Task to carry out: Retype, word for word, every line from the one holding "Study finds pediatric" through the one holding "plantación de café" in the entries below, both included, and only those lines.

Given data:
+===+
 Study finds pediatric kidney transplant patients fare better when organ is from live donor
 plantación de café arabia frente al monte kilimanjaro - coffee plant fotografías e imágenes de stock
+===+
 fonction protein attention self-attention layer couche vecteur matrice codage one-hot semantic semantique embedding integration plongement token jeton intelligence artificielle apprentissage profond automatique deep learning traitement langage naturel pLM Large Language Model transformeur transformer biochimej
+===+
Answer to the exercise:
 Study finds pediatric kidney transplant patients fare better when organ is from live donor
 plantación de café arabia frente al monte kilimanjaro - coffee plant fotografías e imágenes de stock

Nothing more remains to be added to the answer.